Consumers are confused, concerned, and uncertain about their health insurance and financing needs. Companies should listen to them.

In the quickly changing health care financing sector, decision-making power and financial responsibility increasingly fall to individuals instead of companies. But many consumers aren’t accustomed to shopping for health insurance, so they are not prepared for this additional responsibility. Feeling confused, concerned, and unprepared, they want personalized support to help them make and manage complex decisions—in particular, more relevant, understandable, and accessible options. This portrait emerges from a 2007 McKinsey survey, in which we questioned some 3,000 people—who have the option of choosing a health insurer—about their health care concerns, perceptions, and purchasing behavior.
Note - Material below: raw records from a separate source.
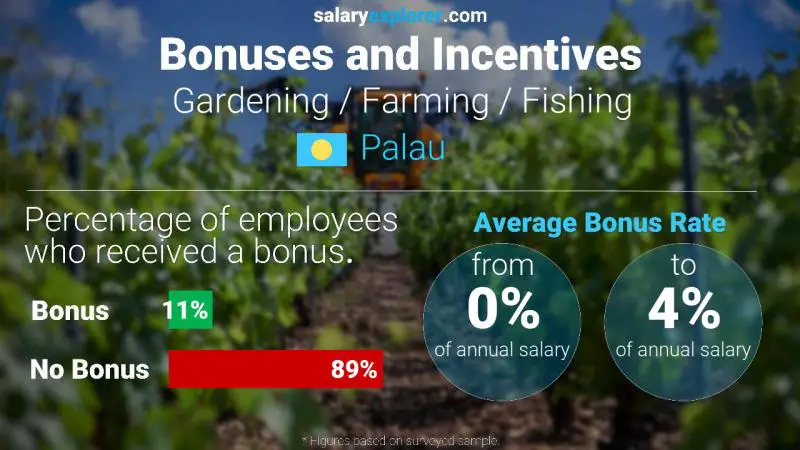 Annual Salary Bonus Rate Palau Gardening / Farming / Fishing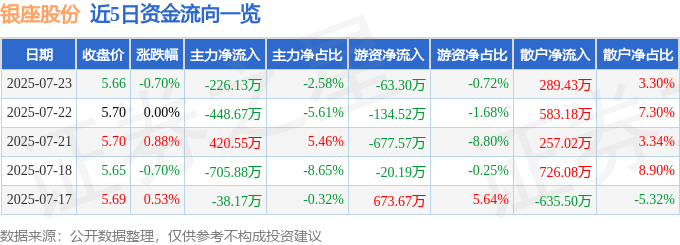 股票行情快报:银座股份(600858)7月23日主力资金净卖出226.13万元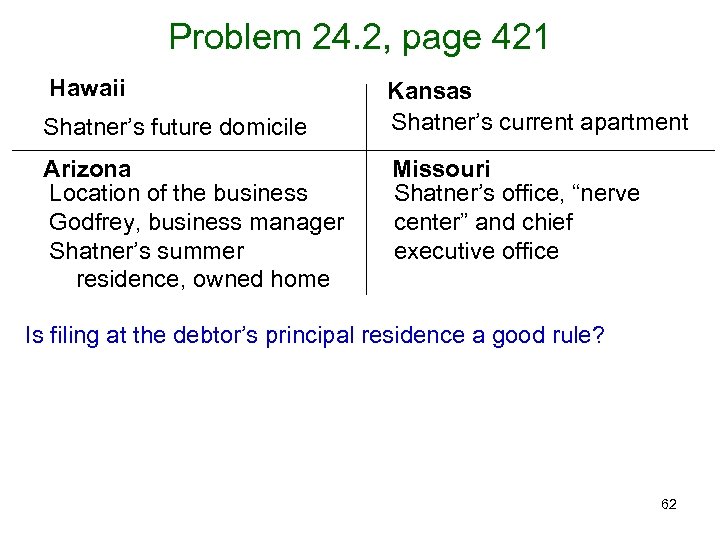 Problem 24. 2, page 421 Hawaii Shatner’s future domicile Arizona Location of the business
Our results reveal substantial opportunities in the health care financing sector for many current and potential players, including incumbent payers, financial-services providers, technology “infomediaries,” and health care providers. Retail health consumers constitute a market worth hundreds of billions of dollars annually, where revenue growth and profit margins are 2.5 and 1.5 times higher, respectively, than those of the more traditional group-sponsored health insurance markets. Currently, 116 million consumers have a choice of health insurance, and that number is expected to reach 151 million by 2011. To win the business of these consumers, players in the health care financing sector will have to listen carefully to them and provide better support.